Task instructions =>
Where the line containing "Borsa a cestino" appears, begin retyping; continue exactly through the final line of the data. Omit every picture.

Content starts

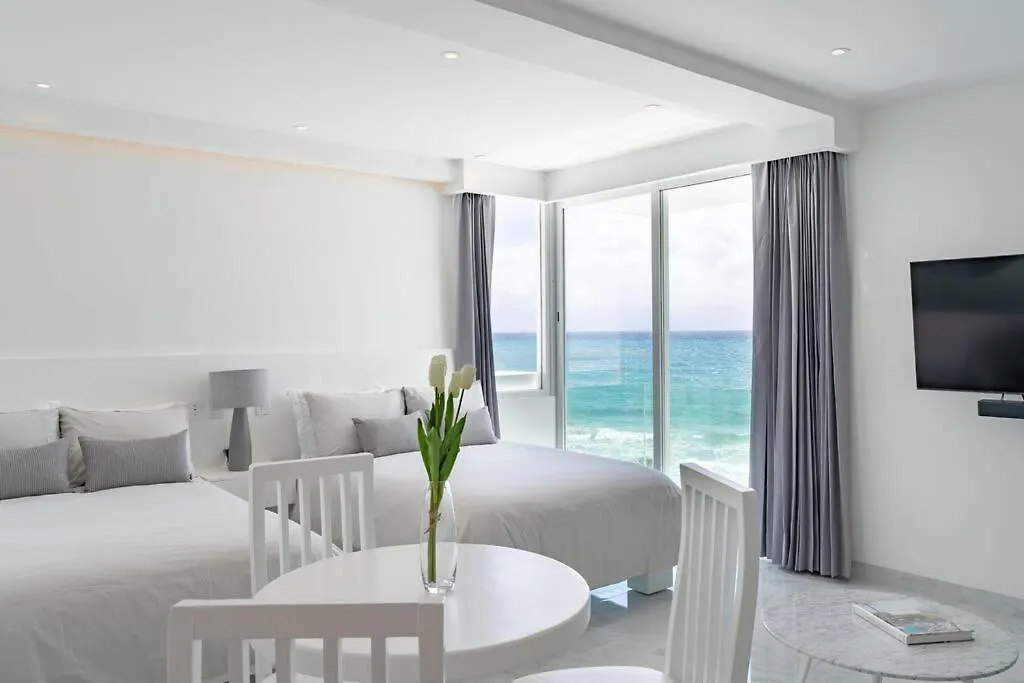 Exclusive Studio On The Beach, Minimalist, Gym, Pool, Jacuzzi, Balcony Cancun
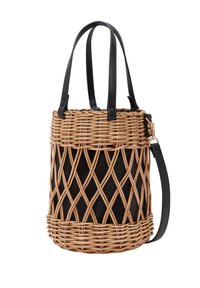 Borsa a cestino intrecciata con fodera in tessuto nero, corpo in rattan marrone chiaro e manici in pelle nera. Presenta un fermaglio in metallo dorato.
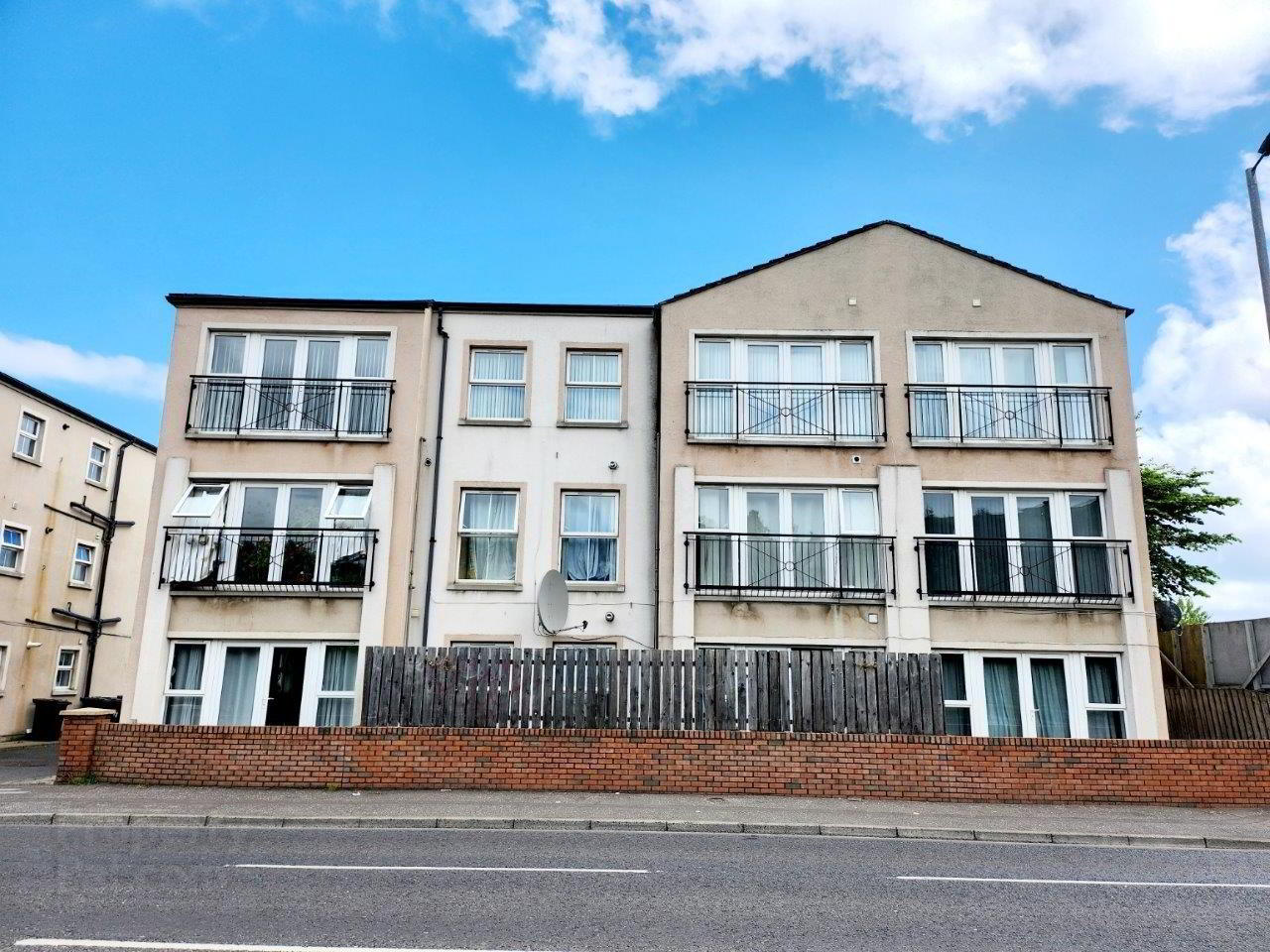 8 Lesley Lodge, 127 Antrim Road 1 of 6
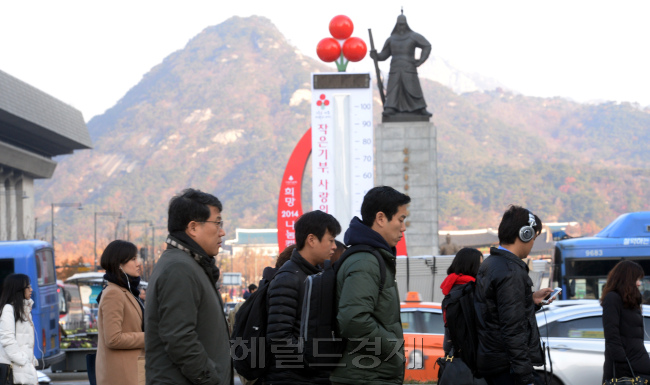 서울 영하 1.7도로 올 가을 들어 가장 추운 날씨를 보인 19일 오전 광화문 광장앞에 세워진 사랑의 온도탑 아래로 직장인들이 한파 속 출근을 하고 있다.  본격적인 가동을 하루 앞두고 있는 사랑의 온도탑 온도가 아직은 0도에 머물러 있지만 올 겨울 훈훈한 사랑의 손길로 하루빨리 100도씨가 되기를 기대해 본다./안훈기자 rosedale@ 2013.11.19
서울 영하 1.7도로 올 가을 들어 가장 추운 날씨를 보인 19일 오전 광화문 광장앞에 세워진 사랑의 온도탑 아래로 직장인들이 한파 속 출근을 하고 있다.  본격적인 가동을 하루 앞두고 있는 사랑의 온도탑 온도가 아직은 0도에 머물러 있지만 올 겨울 훈훈한 사랑의 손길로 하루빨리 100도씨가 되기를 기대해 본다./안훈기자 rosedale@ 2013.11.19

Content ends

Solution =>
 Borsa a cestino intrecciata con fodera in tessuto nero, corpo in rattan marrone chiaro e manici in pelle nera. Presenta un fermaglio in metallo dorato.
 8 Lesley Lodge, 127 Antrim Road 1 of 6
 서울 영하 1.7도로 올 가을 들어 가장 추운 날씨를 보인 19일 오전 광화문 광장앞에 세워진 사랑의 온도탑 아래로 직장인들이 한파 속 출근을 하고 있다.  본격적인 가동을 하루 앞두고 있는 사랑의 온도탑 온도가 아직은 0도에 머물러 있지만 올 겨울 훈훈한 사랑의 손길로 하루빨리 100도씨가 되기를 기대해 본다./안훈기자 rosedale@ 2013.11.19
서울 영하 1.7도로 올 가을 들어 가장 추운 날씨를 보인 19일 오전 광화문 광장앞에 세워진 사랑의 온도탑 아래로 직장인들이 한파 속 출근을 하고 있다.  본격적인 가동을 하루 앞두고 있는 사랑의 온도탑 온도가 아직은 0도에 머물러 있지만 올 겨울 훈훈한 사랑의 손길로 하루빨리 100도씨가 되기를 기대해 본다./안훈기자 rosedale@ 2013.11.19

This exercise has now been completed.